• _Work item_:
Look for the word "Baby" in the material below. Copy each line that has it.
Segment Start: Material supplied
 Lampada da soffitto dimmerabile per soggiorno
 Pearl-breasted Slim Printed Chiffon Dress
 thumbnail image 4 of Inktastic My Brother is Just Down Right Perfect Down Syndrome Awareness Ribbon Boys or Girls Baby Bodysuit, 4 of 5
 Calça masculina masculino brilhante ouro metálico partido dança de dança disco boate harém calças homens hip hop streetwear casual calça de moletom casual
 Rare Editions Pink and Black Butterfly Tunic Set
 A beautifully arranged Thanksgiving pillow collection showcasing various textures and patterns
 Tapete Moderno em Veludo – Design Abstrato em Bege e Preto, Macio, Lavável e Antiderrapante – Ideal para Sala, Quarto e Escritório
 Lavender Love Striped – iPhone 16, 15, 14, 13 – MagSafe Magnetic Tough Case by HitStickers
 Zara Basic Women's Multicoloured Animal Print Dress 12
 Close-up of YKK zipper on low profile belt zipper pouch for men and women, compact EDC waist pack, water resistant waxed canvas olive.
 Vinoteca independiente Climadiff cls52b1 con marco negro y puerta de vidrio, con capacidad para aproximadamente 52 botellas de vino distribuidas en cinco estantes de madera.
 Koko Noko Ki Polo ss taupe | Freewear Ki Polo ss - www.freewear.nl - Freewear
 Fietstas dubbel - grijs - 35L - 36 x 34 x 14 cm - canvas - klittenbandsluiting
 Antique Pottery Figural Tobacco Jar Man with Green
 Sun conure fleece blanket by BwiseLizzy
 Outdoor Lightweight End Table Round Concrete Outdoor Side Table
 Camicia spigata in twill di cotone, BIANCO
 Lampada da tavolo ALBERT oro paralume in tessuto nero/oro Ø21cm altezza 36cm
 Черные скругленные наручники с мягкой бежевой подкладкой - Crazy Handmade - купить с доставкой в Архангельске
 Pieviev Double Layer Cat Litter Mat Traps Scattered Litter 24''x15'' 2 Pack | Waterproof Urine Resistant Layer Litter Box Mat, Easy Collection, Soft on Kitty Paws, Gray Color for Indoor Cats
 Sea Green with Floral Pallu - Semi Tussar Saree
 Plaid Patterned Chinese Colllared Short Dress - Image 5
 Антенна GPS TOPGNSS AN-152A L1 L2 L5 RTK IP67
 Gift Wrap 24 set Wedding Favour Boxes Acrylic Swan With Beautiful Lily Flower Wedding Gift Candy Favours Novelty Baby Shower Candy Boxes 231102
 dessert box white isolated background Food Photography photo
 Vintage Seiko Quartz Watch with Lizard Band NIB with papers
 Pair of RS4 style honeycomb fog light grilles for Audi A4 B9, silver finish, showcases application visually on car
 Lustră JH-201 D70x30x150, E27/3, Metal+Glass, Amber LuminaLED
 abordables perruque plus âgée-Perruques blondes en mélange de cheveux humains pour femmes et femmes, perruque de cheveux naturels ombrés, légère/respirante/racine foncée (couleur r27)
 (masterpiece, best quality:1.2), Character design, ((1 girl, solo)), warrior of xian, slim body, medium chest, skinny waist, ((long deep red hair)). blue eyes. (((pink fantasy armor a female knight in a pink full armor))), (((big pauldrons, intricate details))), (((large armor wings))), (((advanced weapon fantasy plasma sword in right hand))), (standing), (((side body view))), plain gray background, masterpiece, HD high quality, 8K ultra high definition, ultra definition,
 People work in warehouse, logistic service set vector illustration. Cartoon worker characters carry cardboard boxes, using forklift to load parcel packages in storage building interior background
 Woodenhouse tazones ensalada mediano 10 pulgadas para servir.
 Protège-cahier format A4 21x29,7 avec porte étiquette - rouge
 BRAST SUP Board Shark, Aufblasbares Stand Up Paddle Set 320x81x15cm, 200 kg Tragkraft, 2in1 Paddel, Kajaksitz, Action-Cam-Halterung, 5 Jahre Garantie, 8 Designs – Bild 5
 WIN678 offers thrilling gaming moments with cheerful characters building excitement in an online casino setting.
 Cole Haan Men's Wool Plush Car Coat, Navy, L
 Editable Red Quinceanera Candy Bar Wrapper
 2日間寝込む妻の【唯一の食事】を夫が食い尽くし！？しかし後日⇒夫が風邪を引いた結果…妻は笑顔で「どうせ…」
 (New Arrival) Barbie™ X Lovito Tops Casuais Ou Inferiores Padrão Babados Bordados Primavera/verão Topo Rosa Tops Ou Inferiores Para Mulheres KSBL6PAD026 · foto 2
Segment End: Material supplied
• _Task result_:
 thumbnail image 4 of Inktastic My Brother is Just Down Right Perfect Down Syndrome Awareness Ribbon Boys or Girls Baby Bodysuit, 4 of 5
 Gift Wrap 24 set Wedding Favour Boxes Acrylic Swan With Beautiful Lily Flower Wedding Gift Candy Favours Novelty Baby Shower Candy Boxes 231102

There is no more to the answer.